The Brady Bunch has persisted on cable television for more than 50 years. Grandparents watch it with their grandchildren, who, in all likelihood, will be watching it with their grandkids in another 50 years. That timeless quality is impossible to recreate, but looking back, you can see why the show’s held up for so long. At least, Susan Olsen, who played Cindy Brady, believes so.
“The love was real,” she said. “I think that people are extremely psychic, and it shows. You had parents and children who respected each other. We didn’t have a stupid dad. We had a wonderful dad, wonderful mom, great housekeeper.”
This echoes what other Brady Bunch cast members have said in the past. The jokes are tame by even 1960s standards, and every storyline is family-friendly. That makes the show a safe starter sitcom for young kids and a nostalgia trap for older adults.
Barry Williams, who played Greg Brady, said the show also got a big boost from changes within the television industry. He said during an interview with WFMZ-TV the show was just there at the “right time and place.”
“Like in life, everything has to do with the timing of things,” Williams said. “Syndication just came into its own right around that period of time, and that’s what has kept it on all these years.

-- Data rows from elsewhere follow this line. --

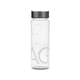 thumbnail image 1 of Botella shaker AG1 de 470 ml sin BPA con tapa resistente a fugas, 1 of 5
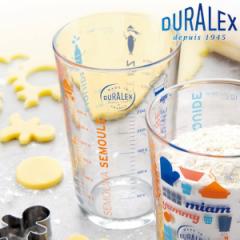 fbNX OX 560ml MEASURE GLASS W[OX KX i H@Ή dqWΉ DURALEX W[Jbv yʃJbv 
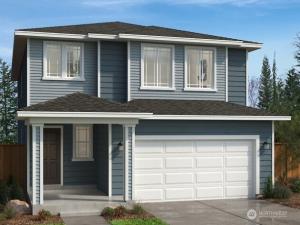 MLS #NWM2529137 image #0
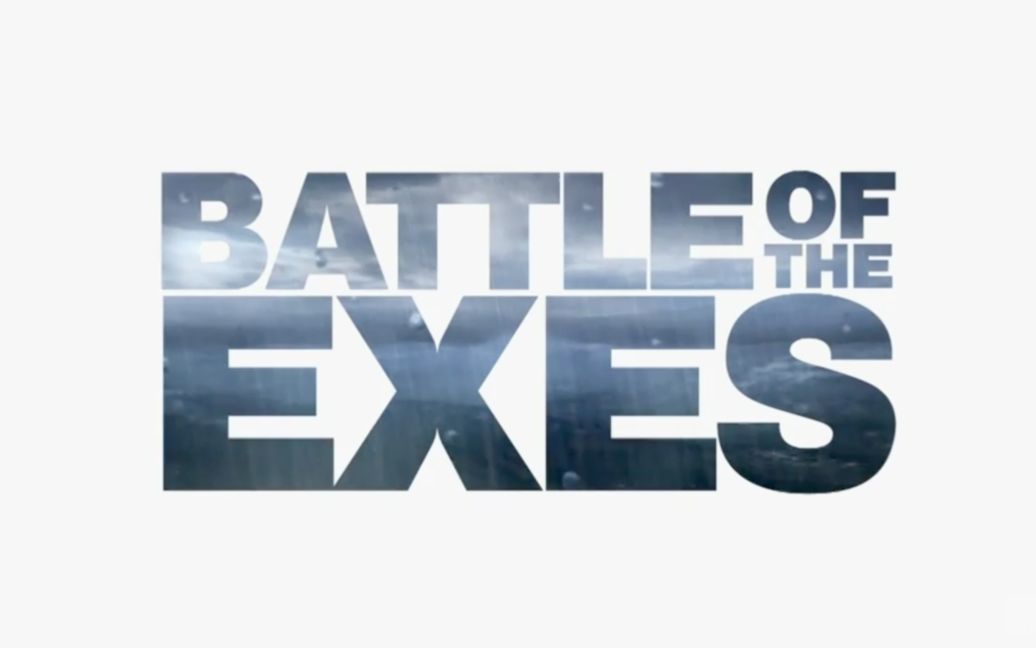 the_challenge_battle_of_the_exes_s22e06
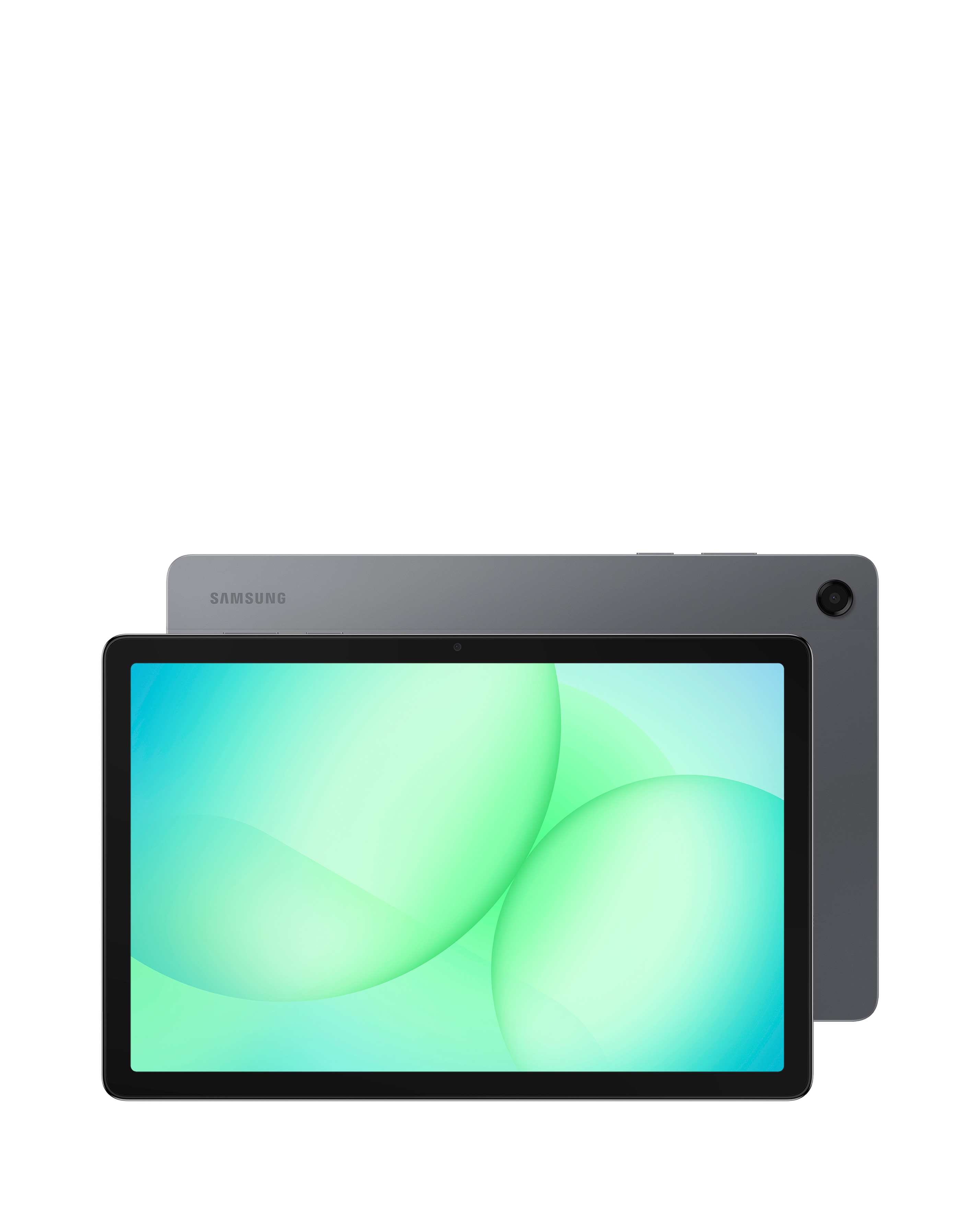 Samsung Tab A11+ 11in 256GB - Grey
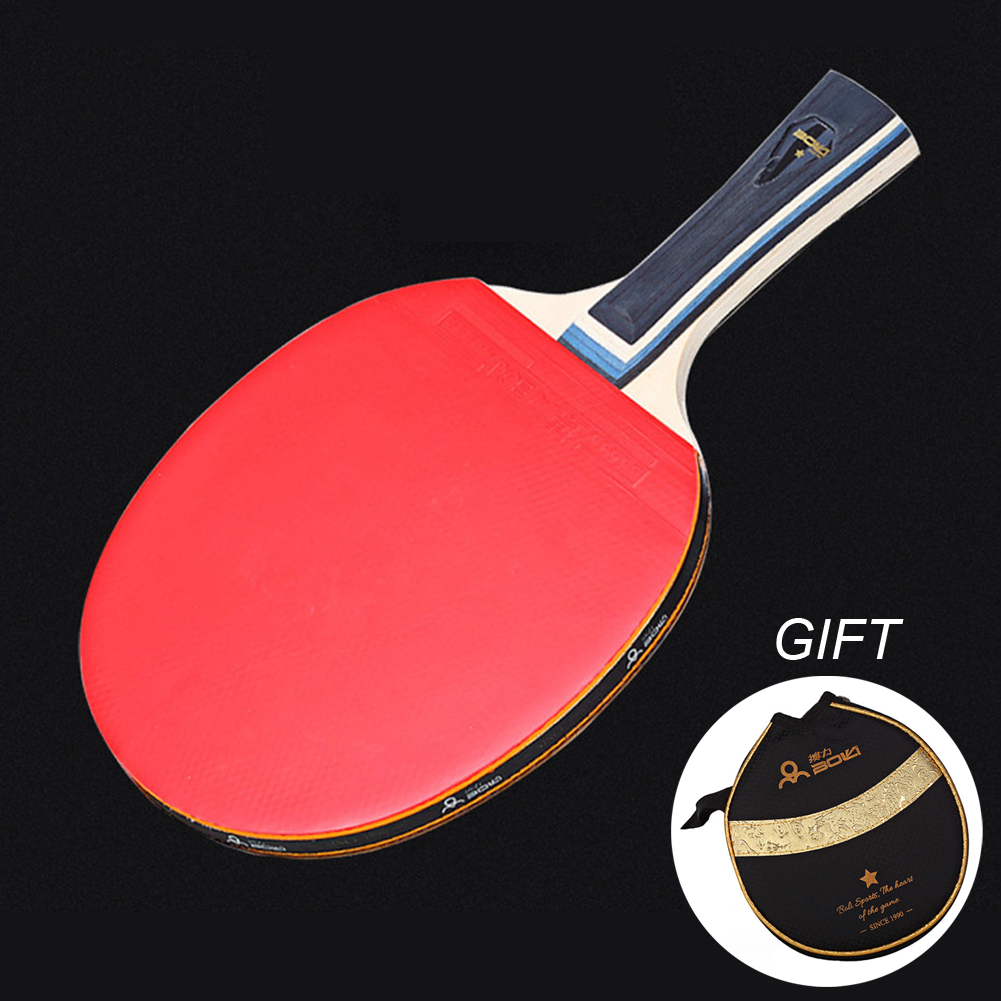 1pc Strong Spin Table Tennis R - Table Tennis History のレビューと価格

And it’s found a new generation of viewers.”
Actors Took Years to Undersetand ‘The Brady Bunch’ Success
The Brady Bunch trapped a simpler, and more idyllic 1960s in amber, it also locked the ambers in there as well. For years after the show ended, they struggled to escape the show’s popularity and their former characters.
Not many of the actors remained in the entertainment business when the show ended, which caused some problems. And those that did also had to live under the weight of always being on TV as another character.
“It was strange for me for the first few years after we stopped filming the show,” Barry Williams said in 2009. “I was done with it and wanted to move on. I only resented the character when it interfered with getting new work.
“I’d become very active and successful in musical theatre, and as time went on and I juggled between theatre and TV and singing, I made my peace. Then I wrote a best-selling book called ‘Growing Up Brady’, and I was grateful again for the show.”
Over time, they’ve all made their peace with the series and are proud of its place in pop-culture history.
“People come up to me and they say a line and it makes them happy,” Maureen McCormick said. “And I’ve heard it a million times, but to see them saying it, and their pure enthusiasm in saying it, makes me happy because they’re happy. It brings them happiness.”